━━ Records supplied
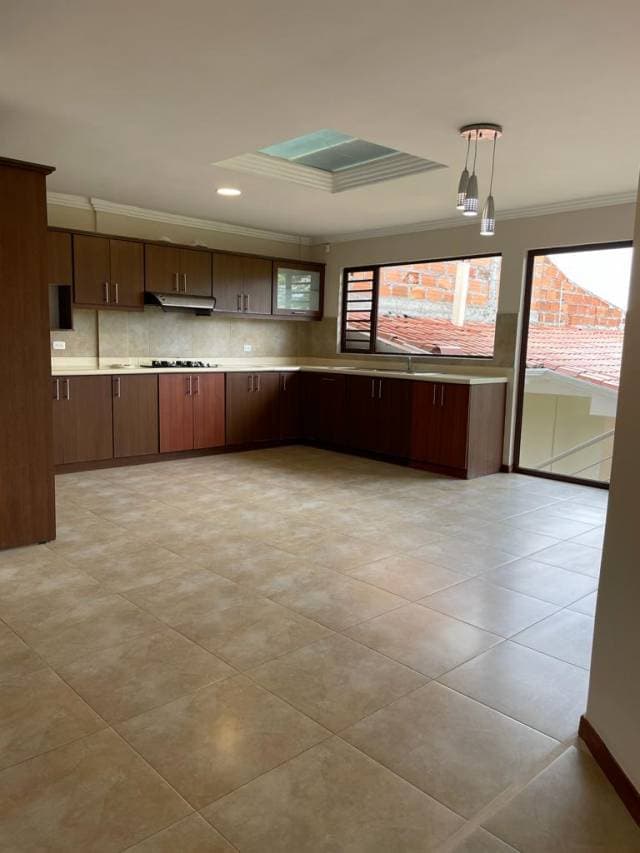 HERMOSA CASA EN VENTA / SECTOR CHALLUABANBA - CUENCA — foto 5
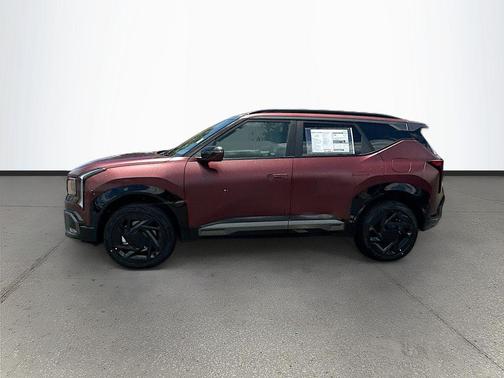 Magma Red 2027 Kia Seltos X-Line SX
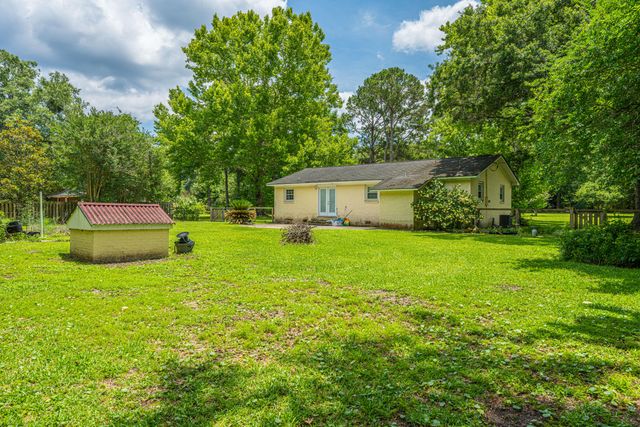 7372 Commodore Road, Yonges Island, SC 29449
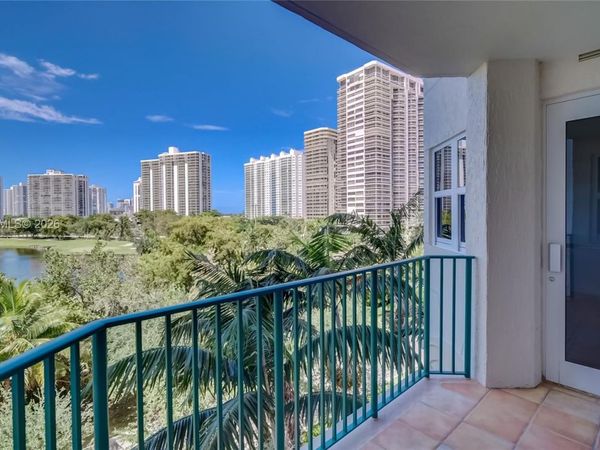 20000 E Country Club Dr , Unit 512, Aventura, FL 33180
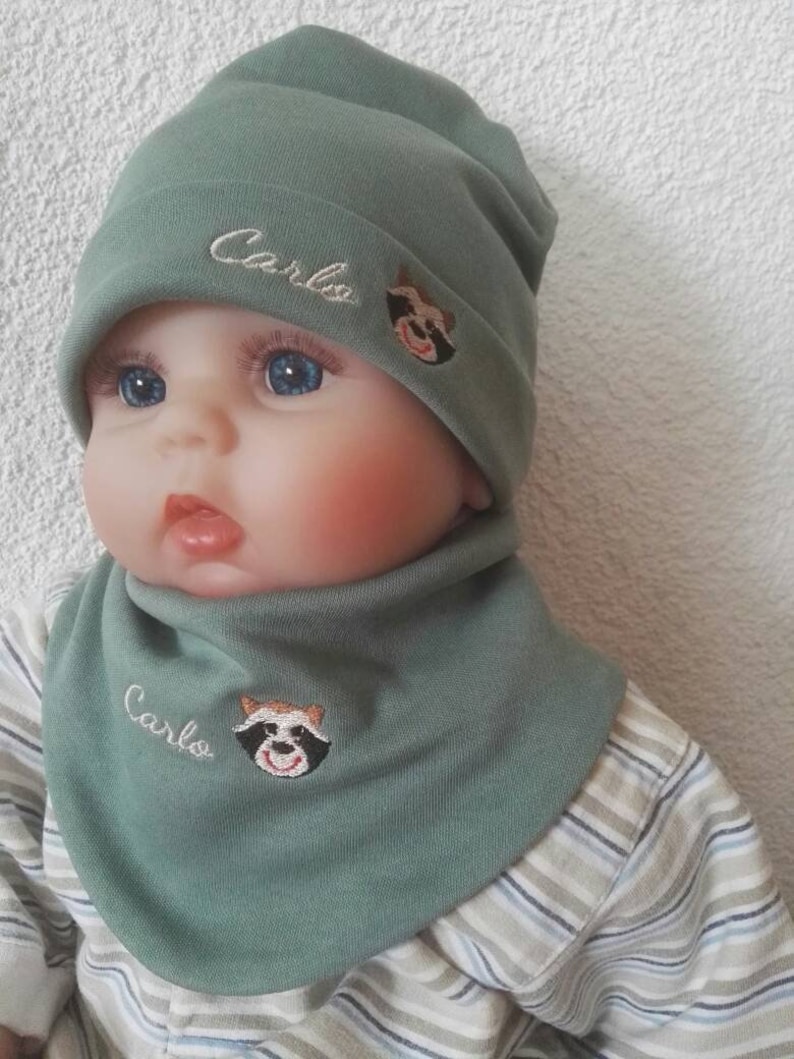 Babymütze personalisiert mit Namen, Newbornmütze bestickt Bild 1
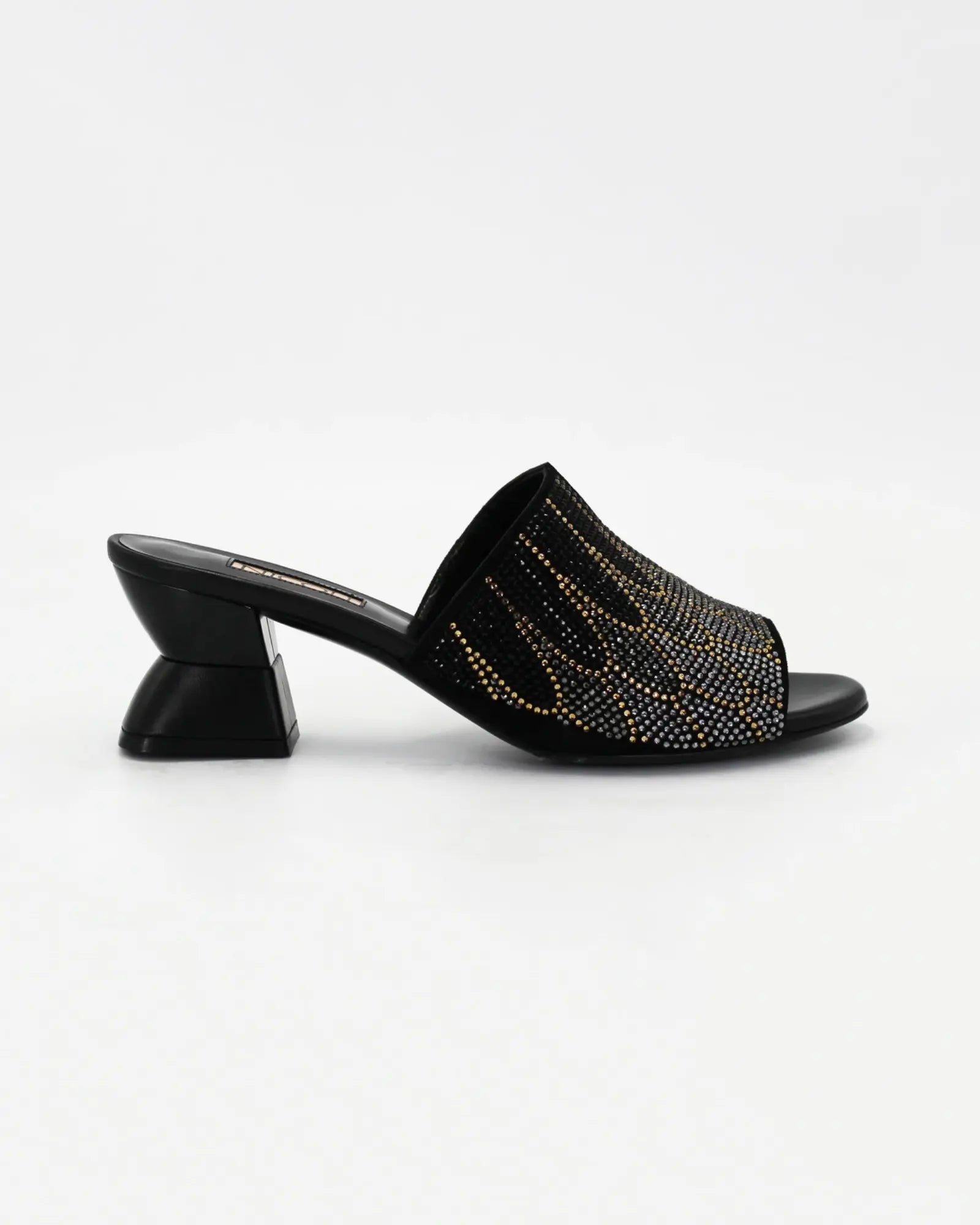 Shop Handmade Italian Leather Women's bedazzled block heel in calf leather nero (ELVALERY) or browse our range of hand-made Italian shoes in leather or suede in-store at Aliverti Cape Town, or shop online. We deliver in South Africa & offer multiple payment plans as well as accept multiple safe & secure payment methods.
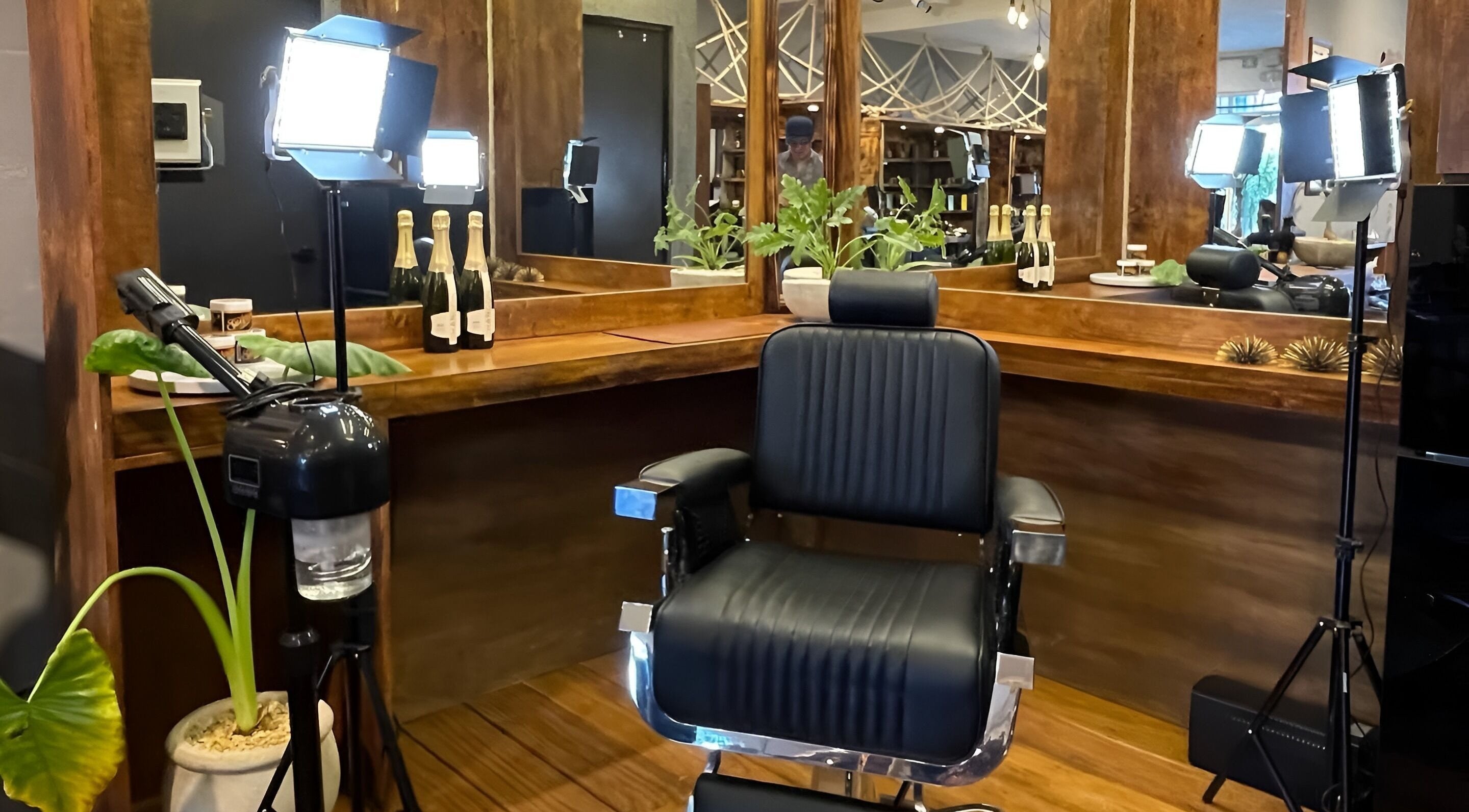 Barberos Tulum - Av. Kukulkán, salón moderno en Tulum, Quintana Roo, MX con silla de peluquería y espejo iluminado.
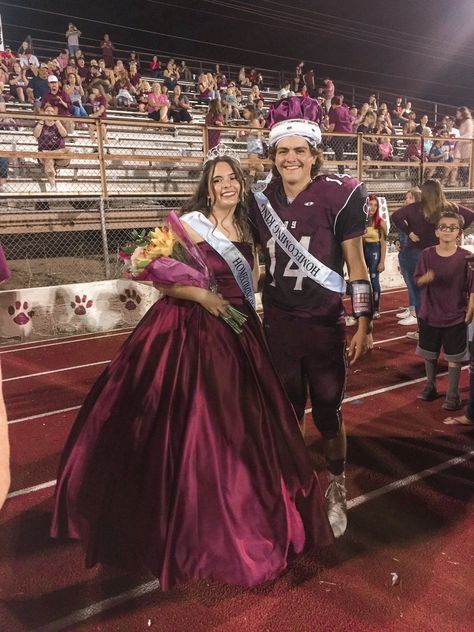 Prom King And Queen Aesthetic, Homecoming Court Aesthetic, Prom King And Queen Campaign Ideas, American Prom Aesthetic, Hoco Royalty Posters, Homecoming Queen Photoshoot, Homecoming Queen Dresses, Homecoming Queen Aesthetic, Prom Queen Aesthetic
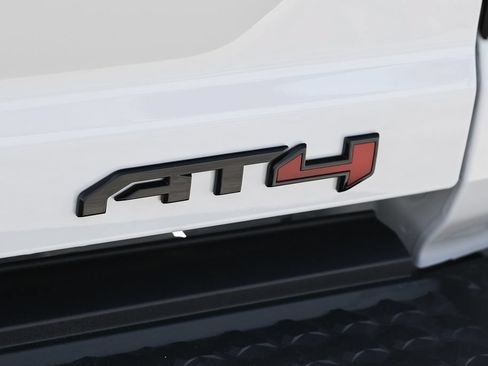 New 2026 GMC Canyon AT4 w/ Nightfall Edition AWD/4WD image 14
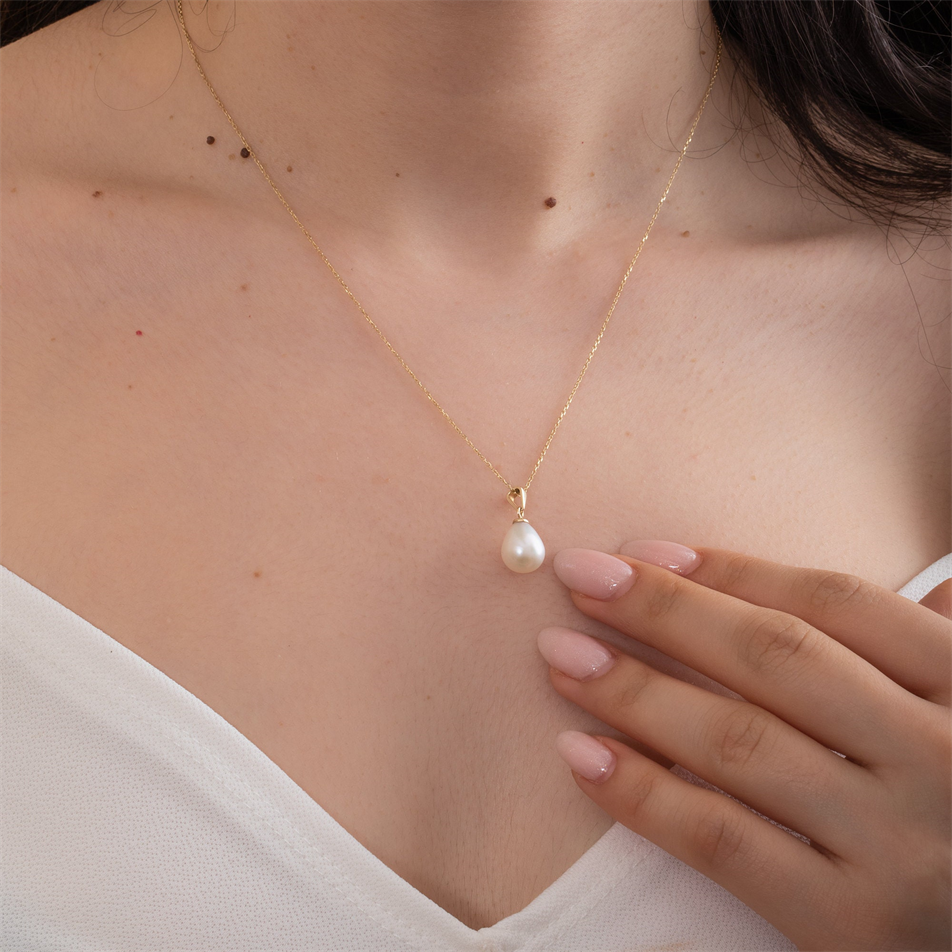 Gold Pearl Drop Necklace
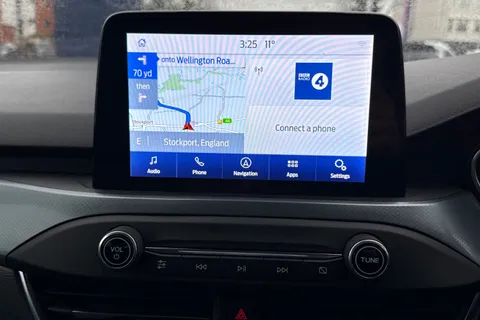 LO21RFE Ford Focus 1.5 EcoBlue Active Auto Euro 6 (s/s) 5dr Thumbnail #13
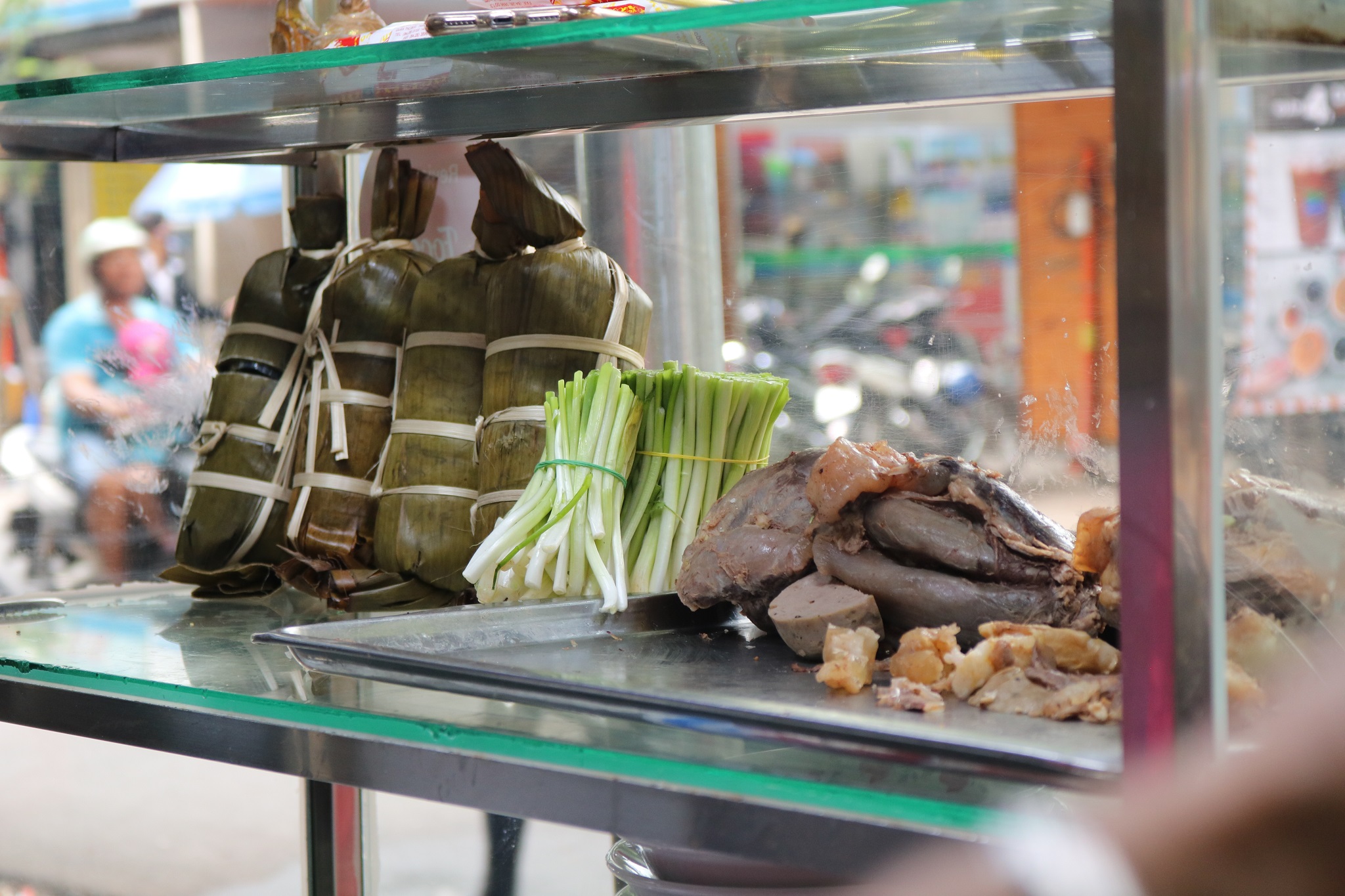 Bún bò Huế Như Ý: Người Huế nấu ăn ngon “chạy” vào Sài Gòn hết rồi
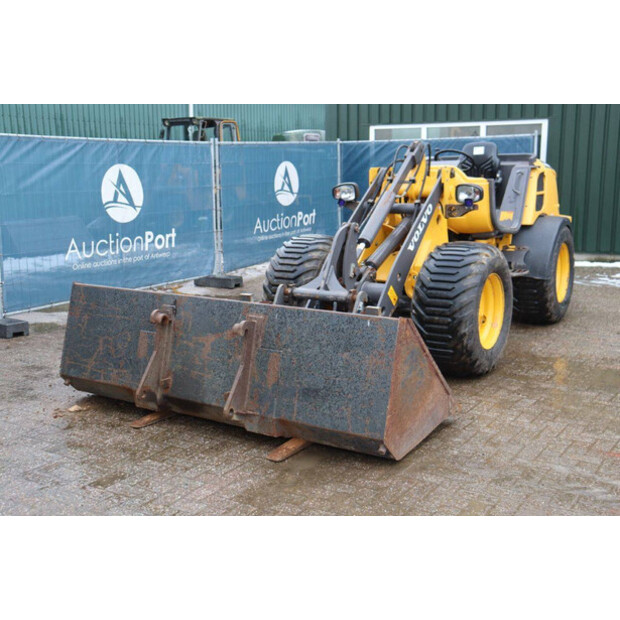 2019 Volvo L25H-44797840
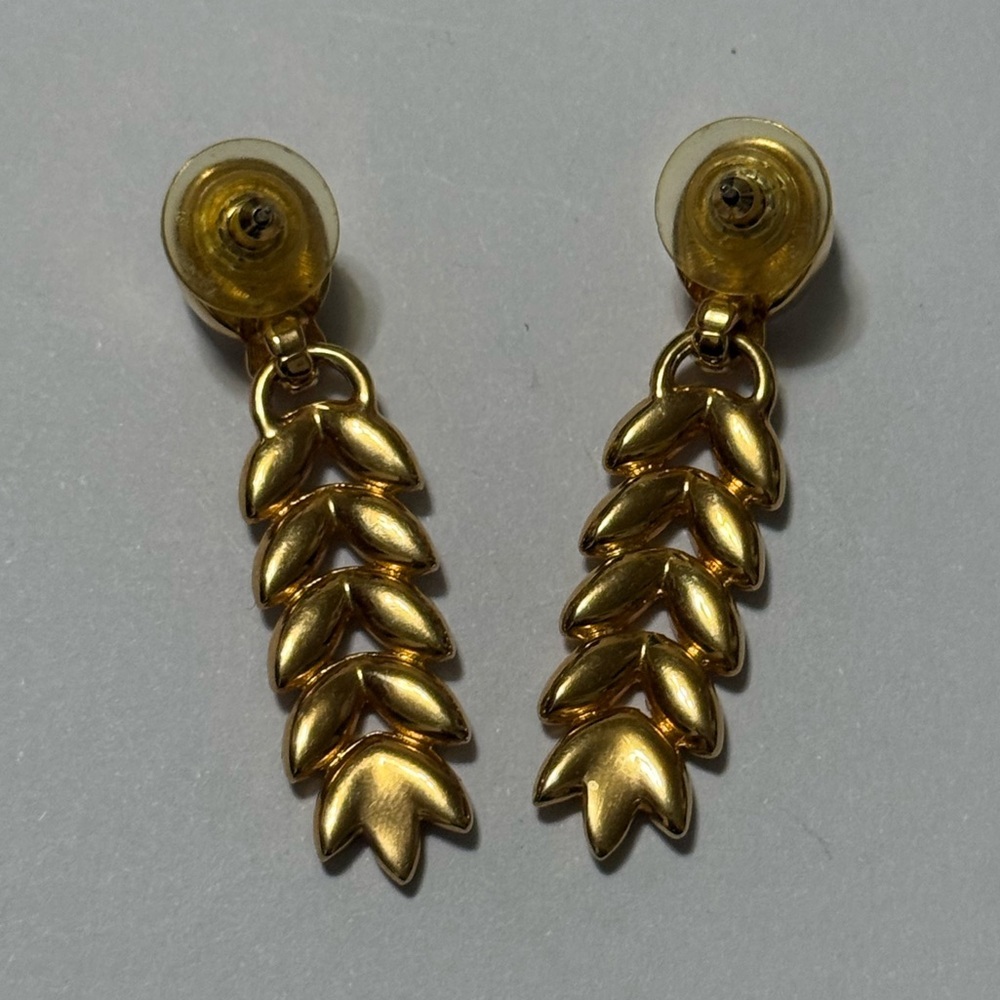 3/$18 Elegant Leaf Earrings - Picture 6 of 8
━━━━
The expected output is exactly the lines from the one containing "20000 E Country" through the last line of the listing, both included, with every picture left out.

 20000 E Country Club Dr , Unit 512, Aventura, FL 33180
 Babymütze personalisiert mit Namen, Newbornmütze bestickt Bild 1
 Shop Handmade Italian Leather Women's bedazzled block heel in calf leather nero (ELVALERY) or browse our range of hand-made Italian shoes in leather or suede in-store at Aliverti Cape Town, or shop online. We deliver in South Africa & offer multiple payment plans as well as accept multiple safe & secure payment methods.
 Barberos Tulum - Av. Kukulkán, salón moderno en Tulum, Quintana Roo, MX con silla de peluquería y espejo iluminado.
 Prom King And Queen Aesthetic, Homecoming Court Aesthetic, Prom King And Queen Campaign Ideas, American Prom Aesthetic, Hoco Royalty Posters, Homecoming Queen Photoshoot, Homecoming Queen Dresses, Homecoming Queen Aesthetic, Prom Queen Aesthetic
 New 2026 GMC Canyon AT4 w/ Nightfall Edition AWD/4WD image 14
 Gold Pearl Drop Necklace
 LO21RFE Ford Focus 1.5 EcoBlue Active Auto Euro 6 (s/s) 5dr Thumbnail #13
 Bún bò Huế Như Ý: Người Huế nấu ăn ngon “chạy” vào Sài Gòn hết rồi
 2019 Volvo L25H-44797840
 3/$18 Elegant Leaf Earrings - Picture 6 of 8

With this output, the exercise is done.